Leito a publié une critique de L'oeil de Carafa par Luther Blisset
L'œil de Carafa
5 étoiles
Je ne lis quasiment pas d'ouvrages d'histoire, mais je suis en revanche hyper réceptif aux romans historiques, surtout quand on sent qu'un énorme travail de recherche se cache derrière, tout en développant une vraie trame (ça reste un roman), voire un discours critique en toile de fond. Quand c'est bien fait, toutes ces couches s'empilent et on lit sur plusieurs niveaux : sollicité par la narration, accroché par la curiosité sur une époque ou des personnages, en permanence en train de créer des ponts avec le présent ou d'autres périodes...
C'est donc le cas ici et ça a été pour moi un véritable plaisir de découvrir toute cette Allemagne du XVIe où, déjà, surgissaient des idées de redistribution du pouvoir et de la propriété, sous couvert de controverses théologiques. Martin Luther traduit la Bible en allemand pour rendre la parole de Dieu accessible au peuple et dénonce les indulgences (payer pour se laver de ses péchés), mais si ce dernier se rangera vite derrière les princes et échappera au courroux de l'église catholique romaine, un fil a été tiré et d'autres (Thomas Müntzer notamment) entendent bien aller au bout de cette voie et apporter une lecture plus universaliste de la parole du Christ, jusqu'à en conclure qu'il faut retirer leurs terres aux seigneurs et les rendre à ceux qui les cultivent.

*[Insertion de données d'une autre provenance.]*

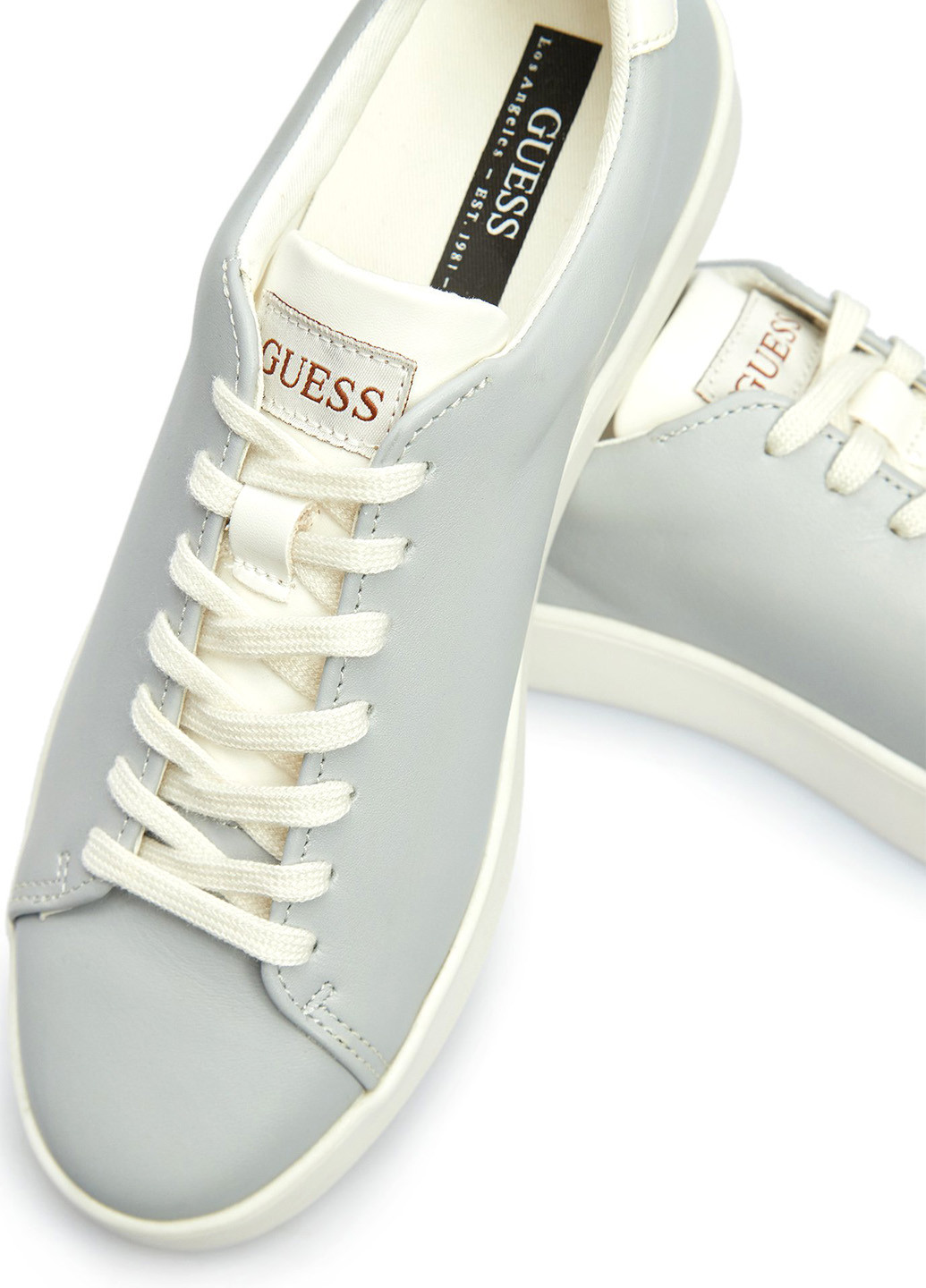 Кроссовки Guess голубые демисезоны (254146199)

C'est grâce à un personnage fictif et son nemesis que les auteurs connectent différents événements successifs pour mieux les mettre en relation, comprendre ce qui les lie mais aussi, et tristement, comment chacune de ces tentatives s'écroule, soit face àun ennemi trop puissant, soit en pourrissant de l'intérieur. C'est une démonstration supplémentaire qu'une idéologie forte et porteuse de sens pourra mobiliser un peuple (on parle des armées paysannes, partant se battre avec leurs outils contre des mercenaires au service des princes, de paysans ayant pris le contrôle d'une ville entière pour y créer leur propre royaume avec leurs propres lois), mais qu'elle finira toujours par être récupérée cyniquement pour des luttes de pouvoir qui ont d'autres plans en tête (le prince Frédéric qui souhaite surtout se défaire de l'emprise du Pape).
On peut parfois trouver un peu tiré par les cheveux le parcours de notre personnage, mais c'est un moindre mal pour nous emmener là où tout se passe, même si l'issue de toutes ces étincelles de révolution (et de proto-communisme ?) est rarement joyeuse. D'autant plus que le texte est fluide et le tout se lit relativement vite malgré le nombre de pages.